Durante las próximas semanas siguió con su existencia como
si nada hubiera ocurrido. A veces, la carta entraba en su campo de visión, pero
ella sólo se atrevía a mirarla de reojo para acto seguido ignorarla y volver a
sus quehaceres cotidianos. El día 22, por fin, reunió el valor suficiente y se
dirigió a la iglesia del pueblo, a tres kilómetros de distancia, para que Don
Juan le notificara aquello que con tanto terror temía, pero que ya sabía de
antemano en lo más hondo de su ser: que ya no le quedaba nadie.
No derramó ni una sola lágrima al recibir la noticia, que no
lo era tanto en realidad. Despacio, muy despacio, volvió dando un lento y
concienzudo paseo hasta la casa. Al llegar, sin tan siquiera quitarse el
abrigo, soltó las cortinas que ella misma había hecho muchos años atrás, las
empalmó a la lámpara de hierro forjado del comedor y subiéndose a la preciosa
mesa de madera de roble macizo se colgó. Su corazón tardó un minuto y cincuenta
y seis segundos en dejar de latir. A Lorena le pareció una eternidad.

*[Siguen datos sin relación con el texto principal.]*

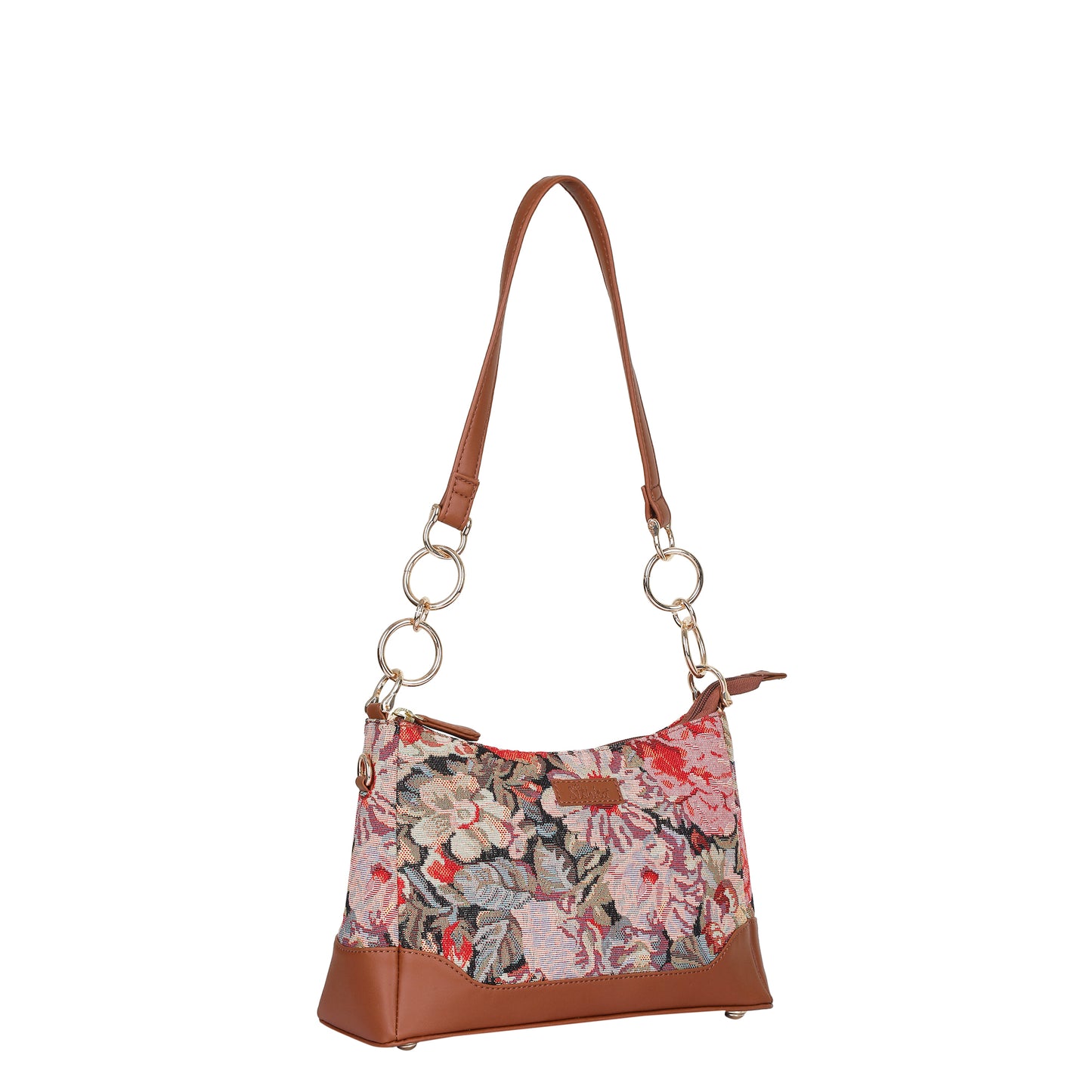 Floral Pattern Tapestry Shoulder Bag for Women – Stylish Tote Sling Satchel Purse with Vegan leather Trim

Tres meses después, un joven exhausto recorrió emocionado
los tres kilómetros ladera arriba que separaban el pequeño pueblo de la casona
familiar. Milka, que había sobrevivido a duras penas, ni siquiera encontró las
fuerzas necesarias para dar la bienvenida a su amo. Ya desde el umbral, la
peste era latente. Sólo necesitó tres segundos para descubrir el cuerpo inerte
de su madre suspendido sobre la mesa del comedor a través de unas ventanas
desprovistas de las cortinas que siempre las habían protegido de la curiosidad
ajena. Más tarde aquel día, cuando la noche ya caía sobre las montañas heladas,
encontró la carta. Ahora comprendía: todo había sido un error.